(Supplied data)
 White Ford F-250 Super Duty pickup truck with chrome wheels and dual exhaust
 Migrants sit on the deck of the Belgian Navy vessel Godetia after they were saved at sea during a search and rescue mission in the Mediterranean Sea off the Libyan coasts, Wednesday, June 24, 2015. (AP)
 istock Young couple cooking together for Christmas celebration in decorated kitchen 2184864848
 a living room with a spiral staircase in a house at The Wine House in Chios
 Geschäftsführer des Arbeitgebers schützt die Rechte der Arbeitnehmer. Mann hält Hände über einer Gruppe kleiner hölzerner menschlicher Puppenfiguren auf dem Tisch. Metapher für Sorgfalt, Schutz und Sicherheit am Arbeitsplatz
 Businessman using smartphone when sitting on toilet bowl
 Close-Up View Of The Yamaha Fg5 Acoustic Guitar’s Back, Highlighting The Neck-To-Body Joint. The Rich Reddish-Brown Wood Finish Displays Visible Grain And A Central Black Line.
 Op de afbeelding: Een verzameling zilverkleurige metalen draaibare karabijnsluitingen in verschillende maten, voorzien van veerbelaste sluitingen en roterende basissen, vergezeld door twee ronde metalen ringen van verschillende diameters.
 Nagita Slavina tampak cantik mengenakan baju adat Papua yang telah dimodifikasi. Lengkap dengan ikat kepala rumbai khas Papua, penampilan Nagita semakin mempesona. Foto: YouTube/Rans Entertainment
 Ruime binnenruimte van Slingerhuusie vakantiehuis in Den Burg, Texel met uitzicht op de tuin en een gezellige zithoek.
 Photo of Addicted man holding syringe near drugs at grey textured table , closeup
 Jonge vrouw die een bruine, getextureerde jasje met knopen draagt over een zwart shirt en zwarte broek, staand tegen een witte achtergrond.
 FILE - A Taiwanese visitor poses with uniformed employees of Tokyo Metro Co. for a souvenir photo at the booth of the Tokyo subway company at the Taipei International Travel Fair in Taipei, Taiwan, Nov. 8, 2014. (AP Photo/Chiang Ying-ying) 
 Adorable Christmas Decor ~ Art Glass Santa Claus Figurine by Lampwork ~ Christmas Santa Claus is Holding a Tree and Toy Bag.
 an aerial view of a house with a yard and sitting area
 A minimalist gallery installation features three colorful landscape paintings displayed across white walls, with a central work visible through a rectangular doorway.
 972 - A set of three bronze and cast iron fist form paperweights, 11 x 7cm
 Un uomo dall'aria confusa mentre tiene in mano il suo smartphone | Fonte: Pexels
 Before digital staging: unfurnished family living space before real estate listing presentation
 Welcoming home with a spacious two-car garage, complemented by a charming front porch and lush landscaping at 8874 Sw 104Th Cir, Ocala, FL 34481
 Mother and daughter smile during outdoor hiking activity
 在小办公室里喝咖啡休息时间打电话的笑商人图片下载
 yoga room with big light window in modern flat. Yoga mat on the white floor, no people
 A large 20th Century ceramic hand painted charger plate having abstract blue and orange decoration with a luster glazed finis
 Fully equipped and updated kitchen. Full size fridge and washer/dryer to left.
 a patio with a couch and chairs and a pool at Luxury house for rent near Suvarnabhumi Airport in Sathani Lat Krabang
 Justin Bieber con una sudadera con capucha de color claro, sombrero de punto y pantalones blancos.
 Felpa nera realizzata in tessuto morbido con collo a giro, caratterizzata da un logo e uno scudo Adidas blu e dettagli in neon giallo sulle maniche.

(What the exercise asks)
Retype the records above from the very first line down to the line with "Migrants sit on", keeping both of those lines. Include nothing beyond them.

(Final answer)
 White Ford F-250 Super Duty pickup truck with chrome wheels and dual exhaust
 Migrants sit on the deck of the Belgian Navy vessel Godetia after they were saved at sea during a search and rescue mission in the Mediterranean Sea off the Libyan coasts, Wednesday, June 24, 2015. (AP)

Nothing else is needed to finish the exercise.